Further, the pre-convolution weight modification unit 130 of this example embodiment executes an input weight matrix insertion process that inserts (M−N/G) columns of zeros to the right of the i×N/G-th column of the input weight matrix for each i from 1 to G. Additionally, the post-convolution weight modification unit 150 executes an output weight matrix insertion process that inserts (M−N/G) rows of zeros below the i×N/G-th row of the output weight matrix for each i from 1 to G.

The grouped convolution processing optimization device 100 of this example embodiment executes at least one of the input weight matrix insertion process or the output weight matrix insertion process. Also, the pre-convolution weight modification unit 130 executes the input weight matrix insertion process when the row insertion process is executed. The post-convolution weight modification unit 150 executes the output weight matrix insertion process when the column insertion process is executed.

Moreover, in this example embodiment, M is the smallest multiple (for example 32) that is greater than a predetermined number (for example 16) N/G. In the grouped convolution, a matrix in which the i-th weight matrices are arranged diagonally from the top-left to the bottom-right in the order of i=1 to G may also be used as the weight matrix.

Additionally, in this example embodiment, the optimal channel number determination unit 120 determines at least one of an input channel number, which is the number of channels in the input data for the grouped convolution subject to constraints, or an output channel number, which is the number of channels in the output data resulting from the grouped convolution, to be M*G.

The grouped convolution weight modification unit 140 executes the row insertion process when the input channel number is determined to be M*G, and executes the column insertion process when the output channel number is determined to be M*G.

Furthermore, in this example embodiment, the optimization candidate structure detection unit 110 evaluates whether the input convolution, the grouped convolution, and the output convolution are each defined in the trained convolutional neural network.

Description of Effects

Some AI chips experience slower execution speeds for grouped convolutions due to constraints imposed on memory addressing.

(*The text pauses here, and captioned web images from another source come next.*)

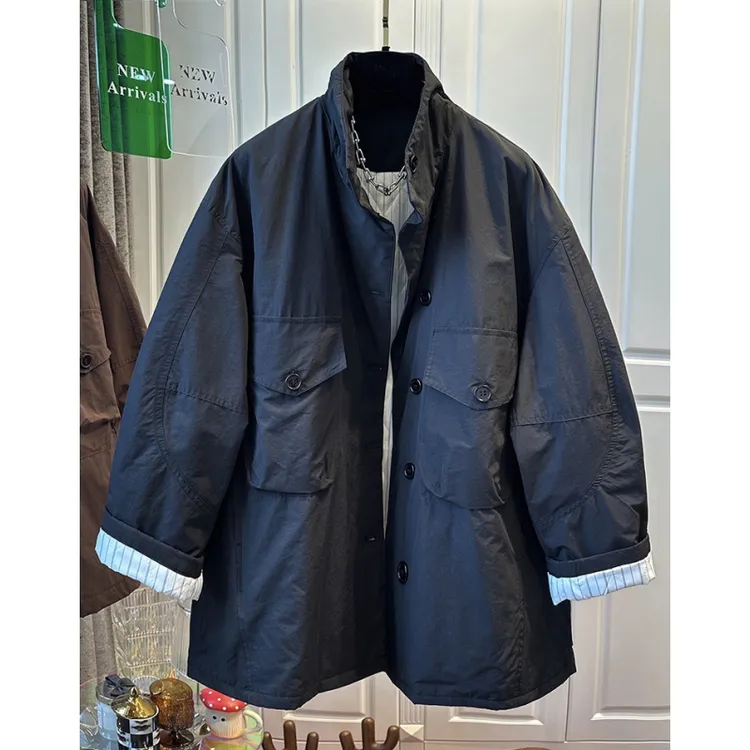 今年流行立领宽松条纹内衬棉服女棉衣外套保暖防风2024秋冬季款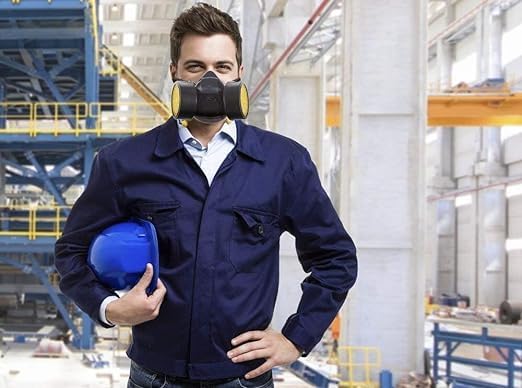 YEKDA Anti-dust Chemical Safety Face Mask Double Respirator spray paint Industrial safety work protective antigas reusable np306 activated carbon filter half face gas mask respirator (Respirator Mask)
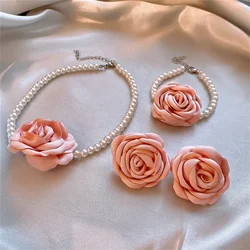 FYUAN Sweet Pink Rose Imitation Pearl Necklace Flower Cloth Flower Earrings Bracelet Party Bridal Jewelry Sets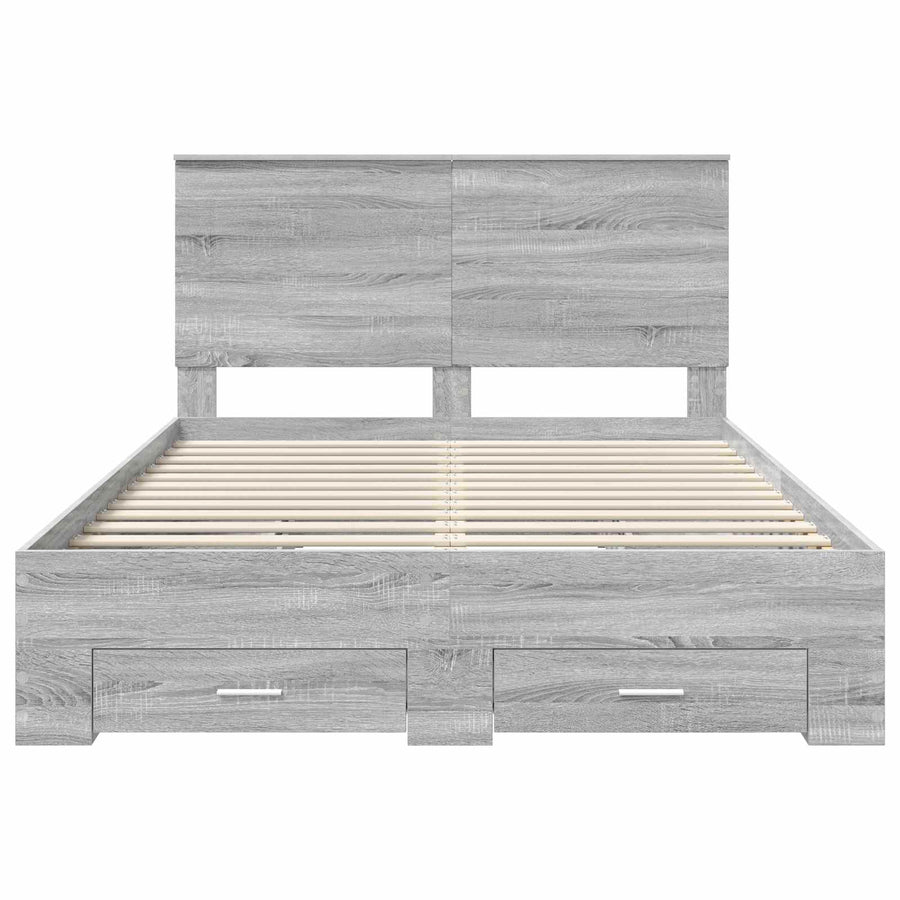 Bedframe met hoofdeinde Grijs Sonoma 140 x 200 cm Bewerkt hout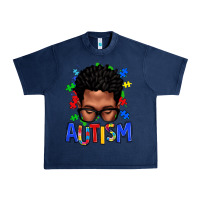 Navy autism afro man Urban Heavy Tee - texasbilliewilder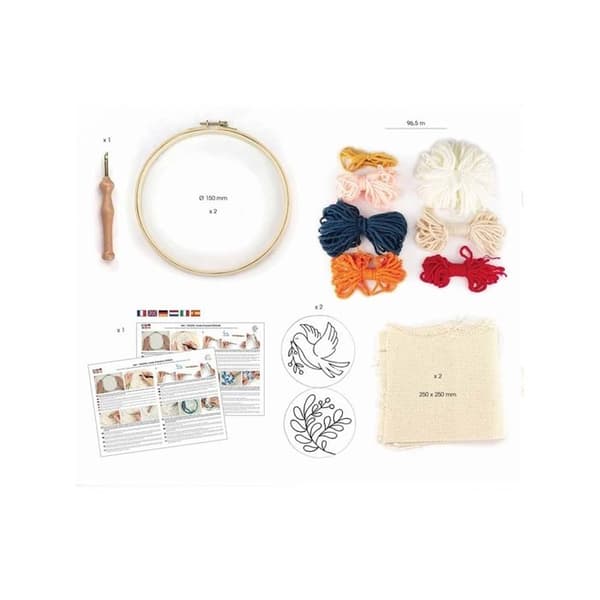 Fågel och löv diptyk Punch needle broderi kit 15 cm - Flerfärgad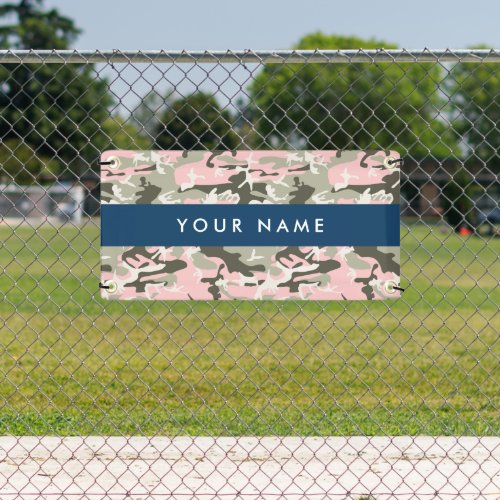 Pink and Green Camouflage Your name Personalize Banner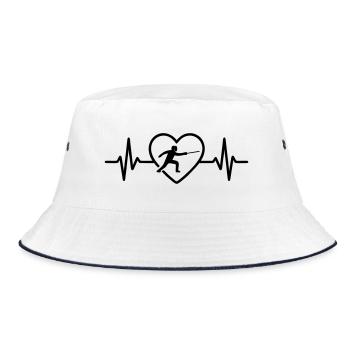 Fechten Herz - Bucket Hat - Weiß/Navy - Vorne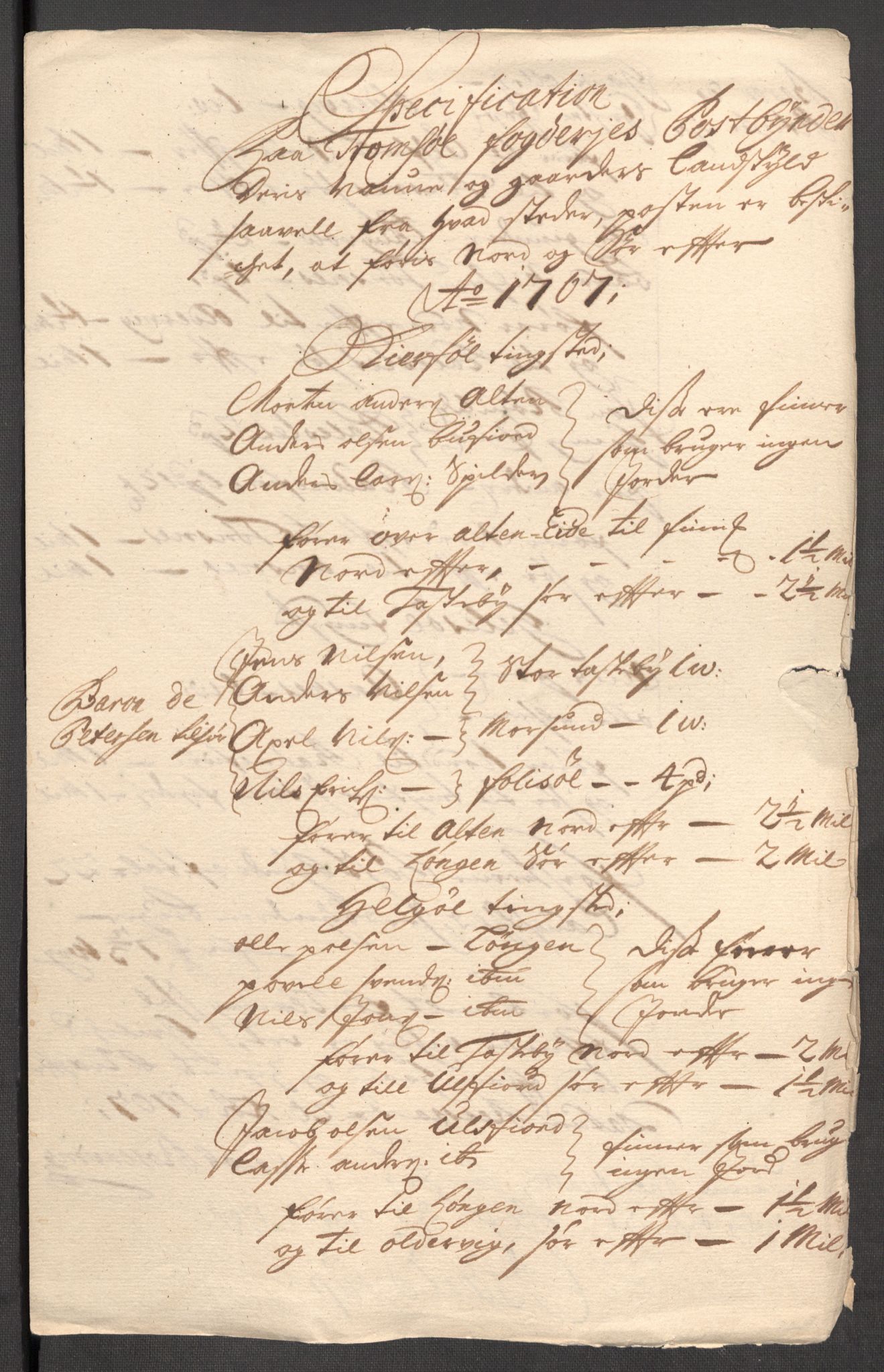 Rentekammeret inntil 1814, Reviderte regnskaper, Fogderegnskap, AV/RA-EA-4092/R68/L4756: Fogderegnskap Senja og Troms, 1705-1707, p. 357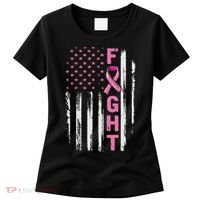 Fight Breast Survivor American Flag Breast Cancer Awareness Women's T-Shirt thumb 0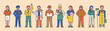 Cute characters in uniforms for each occupation stand. flat design style minimal vector illustration.
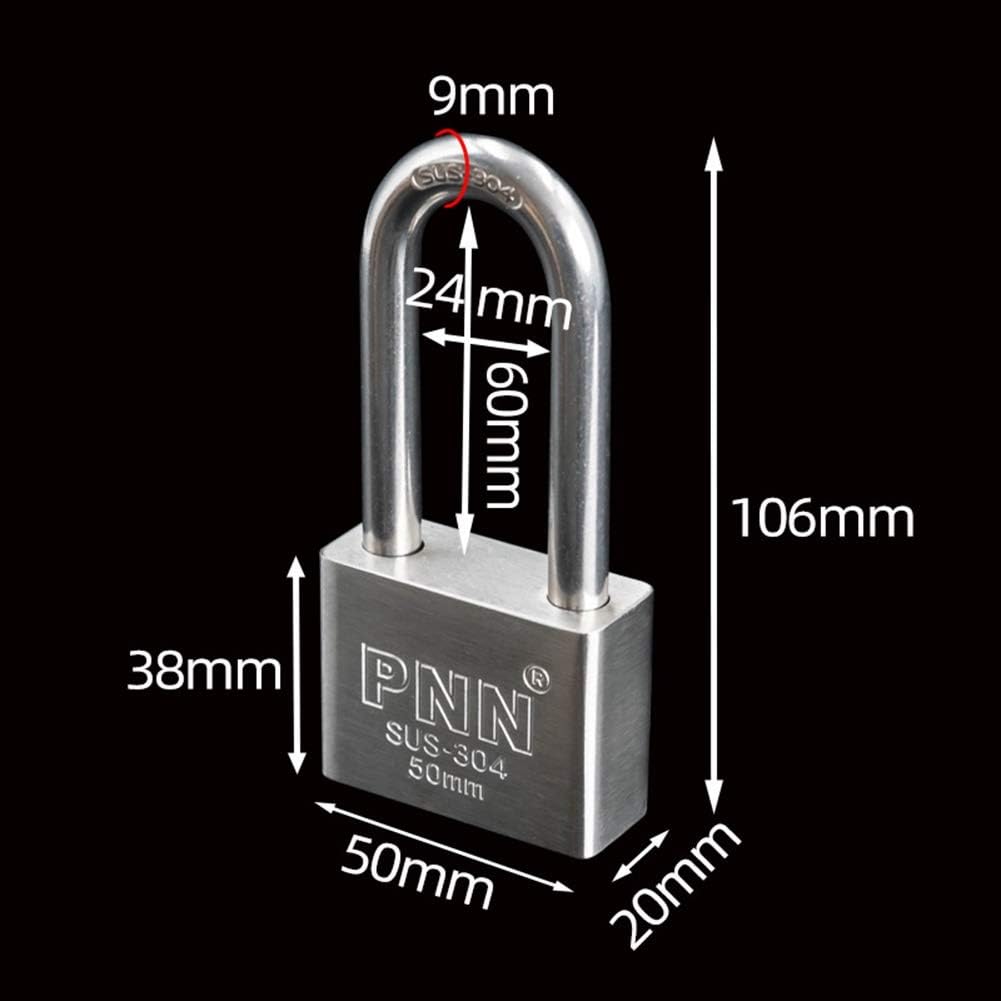 Keyed Padlocks Outdoor Waterproof and Rust-Proof Key Padlock, 1 Key, Width 30mm40mm50mm60mm, Outdoor Lock Warehouse Container Garage Security Lock (Size : 50x38mm)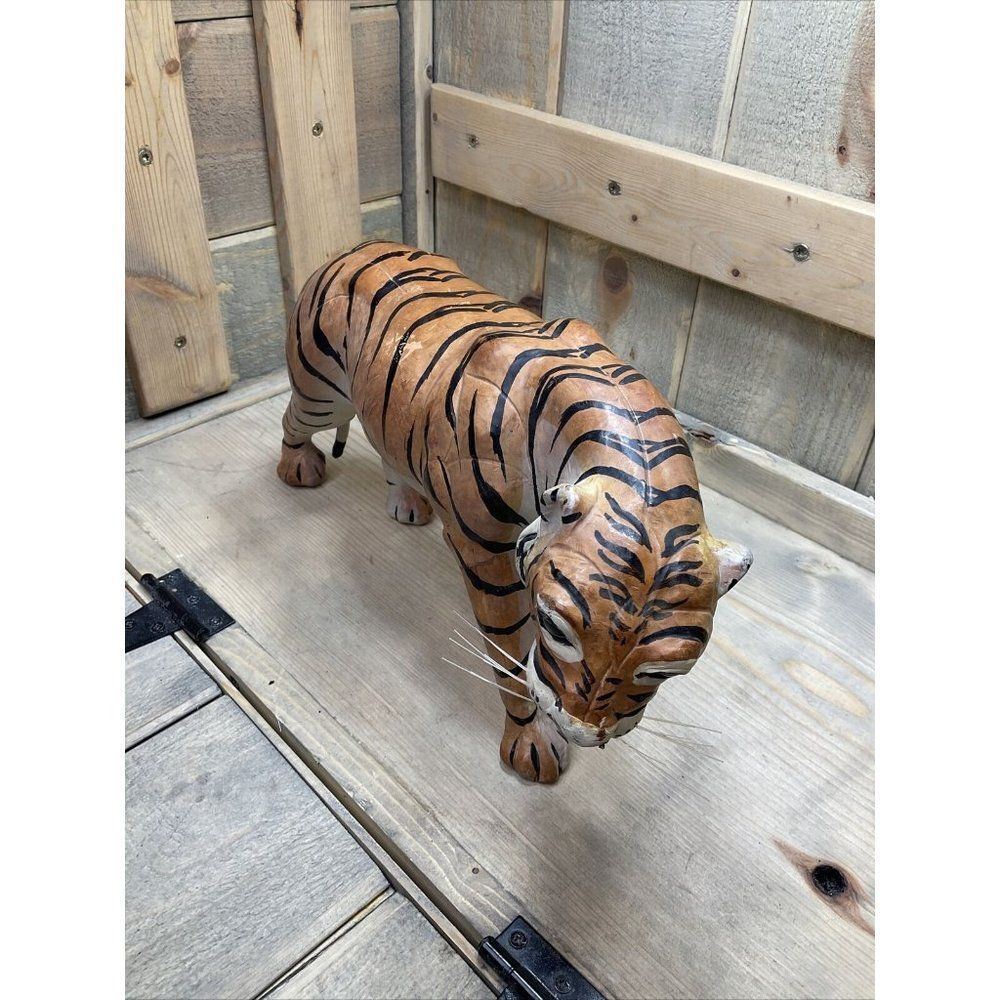 VINTAGE Leather Wrapped Tiger Sculpture Glass Eyes Jungle Safari Figurine Rare - Picture 2 of 11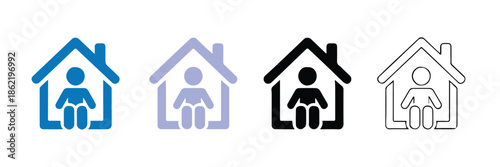 home outline and solid person in house icons for health and safety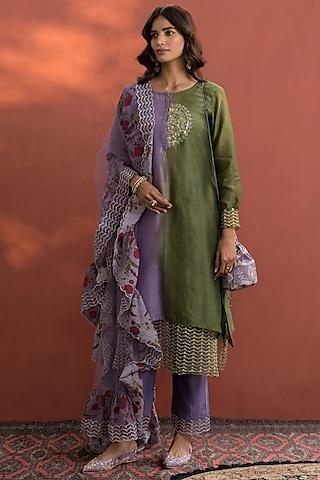 mehndi green hand embroidered kurta set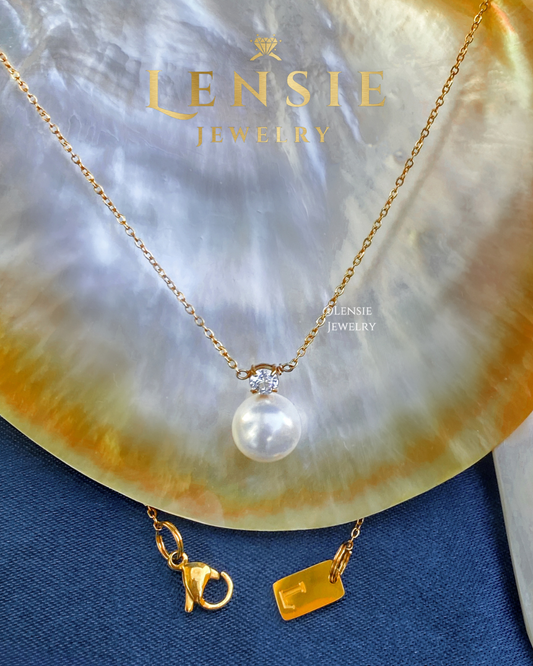 Grace Pearl Zircon Necklace – Handmade Jewelry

The pre-convolution weight modification unit 130, the grouped convolution weight modification unit 140, and the post-convolution weight modification unit 150 of the grouped convolution processing optimization device 100 in this example embodiment adjust the weight matrices used in the convolutional layers that make up the CNN model.

By adjusting the weight matrices, the grouped convolution processing optimization device 100 converts processes executed by the CNN model into processes suitable for AI chips with such constraints. Although the amount of computation increases when the process is converted for the AI chip, the grouped convolution can be executed faster because it is replaced with a process the AI chip excels at. In other words, the grouped convolution processing optimization device 100 enables the grouped convolution process to be accelerated on AI chips with constraints without changing the processing results.

Hereinafter, a specific example of a hardware configuration of the grouped convolution processing optimization device 100 in this example embodiment will be described. FIG. 10 is an explanatory diagram illustrating a hardware configuration example of the grouped convolution processing optimization device 100 according to this disclosure.

The grouped convolution processing optimization device 100 shown in FIG. 10 includes a CPU 11, a main memory 12, a communication unit 13, and an auxiliary storage 14. It also includes an input unit 15, which allows the user to interact with the system, and an output unit 16, which presents processing results or progress to the user.

The grouped convolution processing optimization device 100 is realized in software by the CPU 11 executing a program that provides the functionality of the various components.

That is, the CPU 11 loads the program stored in the auxiliary storage 14 into the main memory 12 and executes it to control the operations of the grouped convolution processing optimization device 100, thereby realizing the functions through software.

Note that the grouped convolution processing optimization device 100 shown in FIG. 10 may include a DSP (Digital Signal Processor) instead of the CPU 11, or it may include both a CPU and a DSP.

The main memory 12 is used as a working area or a temporary storage area for data. The main memory 12 may be, for example, RAM (Random Access Memory).

The communication unit 13 has a function of inputting and outputting data with peripheral devices via a wireless network (information communication network).

The auxiliary storage 14 is a non-volatile tangible storage medium. Examples of non-volatile tangible storage media include magnetic disks, magneto-optical disks, CD-ROM (Compact Disk Read-Only Memory), DVD-ROM (Digital Versatile Disk Read-Only Memory), and semiconductor memory.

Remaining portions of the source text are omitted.